If Tampa Bay is going to upgrade its weak pass rush and a run defense that gave up 131.7 yards per game, McCoy needs to be the alpha dog of a starting front four expected to average less than 23 years old. "I learned that I can't be Warren Sapp. Warren Sapp was one of a kind," McCoy said. "I can only be me and I promise you I will give the very best that Gerald McCoy has to give."

Despite being a reported $59 million under the salary cap, the Buccaneers signed one unrestricted free agent from another team -- a punter, no less -- choosing instead to focus on re-signing the bulk of their own players. So the stranger in the building who figures to provide the biggest impact just might be new defensive line coach Keith Millard.

An assistant with Denver ('01-04) and Oakland ('05-08), Millard brings the same ferocious, no-nonsense attitude that made him NFL Defensive Player of the Year with Minnesota in 1989, when he set a league record for sacks by a tackle with 18, a mark that still stands. Millard pulls no punches. On McCoy's play last year: "It wasn't good.
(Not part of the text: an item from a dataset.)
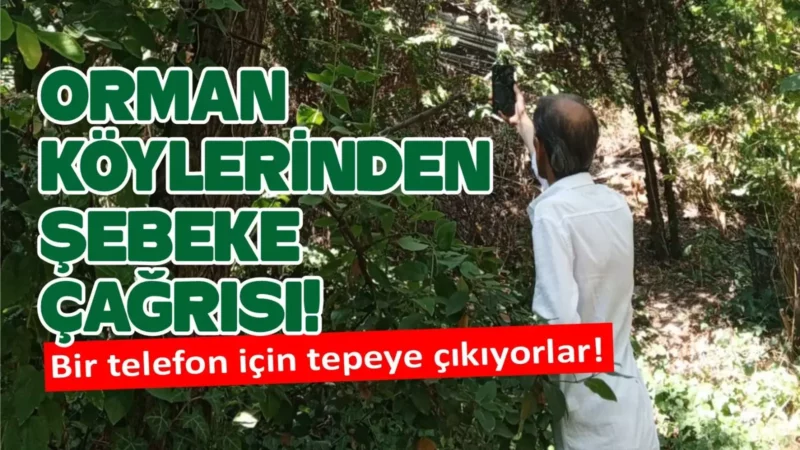 WhatsApp Image 2026 08 20 at 10.55.09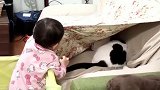 小宝宝强行跟猫玩捉迷藏，猫咪无奈：在逼一个最爱你的人即兴表演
He knows that." On the expectations of that inexperienced defensive front. "Youth is no excuse."

Millard is charged with grooming a unit that accounted for just 26 sacks last season (30th in the league). "They may be young, but the expectations we have are high, very high," Millard said. "They will have to produce, and we made that clear when they walked in the door."

Unlike 2010, coming off that 3-13 mark, the Buccaneers won't have the benefit of a last-place schedule. The '11 slate features seven games against teams that reached the playoffs last year, including NFC South rivals Atlanta and New Orleans twice each, plus the club's first visit to Lambeau Field since 2005 to play the Super Bowl champion Green Bay Packers. Tampa Bay, the league's only team to have all home games blacked out on local television, has just seven dates at Raymond James Stadium. The eighth was scooped up by the league office to pit the Buccaneers against the NFC runner-up Chicago Bears at London's Wembley Stadium on Oct. 23.